Re: A sign/abbreviation for "magister" from Marcel Schneider via Unicode on 2018-10-30 (Unicode Mail List Archive)

From: Marcel Schneider via Unicode <unicode_at_unicode.org>
Date: Tue, 30 Oct 2018 16:52:47 +0100 (CET)

Rather than a dozen individual e-mails, I’m sending this omnibus reply
for the record, because even if here and in CLDR (SurveyTool forum and
Trac) everything has already been discussed and fixed, there is still
a need to stay acknowledging, so as not to fail following up, with
respect to the oncoming surveys, next of which is to start in 30 days.

First here: On 29/10/2018 at 12:43, Dr Freytag via Unicode wrote:

[…]
> The use of superscript is tricky, because it can be optional in some
> contexts; if I write "3rd" in English, it will definitely be
> understood no different from "3rd".

[Note that this second instance was actually intended to read "3ʳᵈ",
but it was formatted using a higher-level protocol.]

[…]
> In TeX the two transition fluidly. If I was going to transcribe such
> texts in TeX, I would construct a macro […]
[…]
> Nevertheless, I think the use of devices like combining underlines
> and superscript letters in plain text are best avoided.

While most other scripts from Arabic to Duployan are generously granted
all and everything they need for accurate representation, starting with
preformatted superscripts and ending with superscripting or subscripting
format controls, Latin script is often quite deliberately pulled down
in order to make it unusable outside high-end DTP software, from
TeX to Adobe InDesign, with the notable exception of sparsely and
parsimoniously encoded preformatted characters for phoneticists and
medievalists. E.g. in Arabic script, superscript is considered worth
encoding and using without any caveat, whereas when Latin script is on,
superscripts are thrown into the same cauldron as underscoring.

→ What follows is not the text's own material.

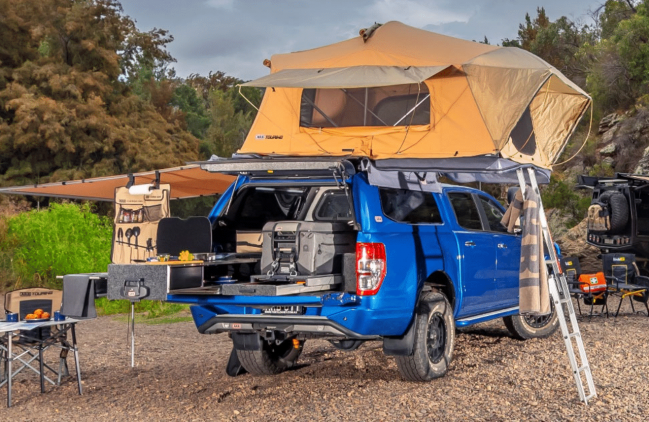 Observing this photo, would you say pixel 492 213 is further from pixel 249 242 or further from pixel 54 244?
pixel 54 244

Obviously Unicode don’t apply to Latin script the same principle they
do to all other scripts, i.e. to free preformatted letters as suitable
if they are part of a standard representation and in some cases are
needed to ensure unambiguity. Mediterranean locales had preformatted
ordinal indicators even in the Latin-1-only era, despite "1a" and "2o"
may be understood no different from "1ª" and 2º". The degree sign, that
is on French keyboards, is systematically hijacked to represent the
"n°" abbreviation, unless a string is limited to ASCII-only. Several
Latin-script-using locales have standard representations and strong
user demands for superscripts, which instead of being satisfied on
Unicode level as would be done for any other of the world’s scripts,
are obstinately rebuffed when not intended for phonetics, or in
some cases, for palaeography.

I wasn’t digging down to find out about those UTC members who on a
regular basis are aggressively contradicting ballot comments about
encoding palaeographic Latin letters, while proving unable to sustain
any open and honest discussion on this List or elsewhere. Referring to
what Dr Everson via Unicode wrote on 28/10/2018 at 21:49:

> I like palaeographic renderings of text very much indeed, and in fact
> remain in conflict with members of the UTC (who still, alas, do NOT
> communicate directly about such matters, but only in duelling ballot
> comments) about some actually salient representations required for
> medievalist use.

That said: On 29/10/2018 at 09:09, James Kass via Unicode wrote:
[…]
> If I were entering plain text data from an old post card, I'd try
> to keep the data as close to the source as possible. Because that
> would be my purpose. Others might have different purposes.
> As you state, it depends on the intention. But, if there were an
> existing plain text convention I'd be inclined to use it.
> Conventions allow for the possibility of interchange, direct
> encoding would ensure it.

The goal of discouraging Latin superscripts is obviously to ensure
that reliable document interchange is limited to the PDF.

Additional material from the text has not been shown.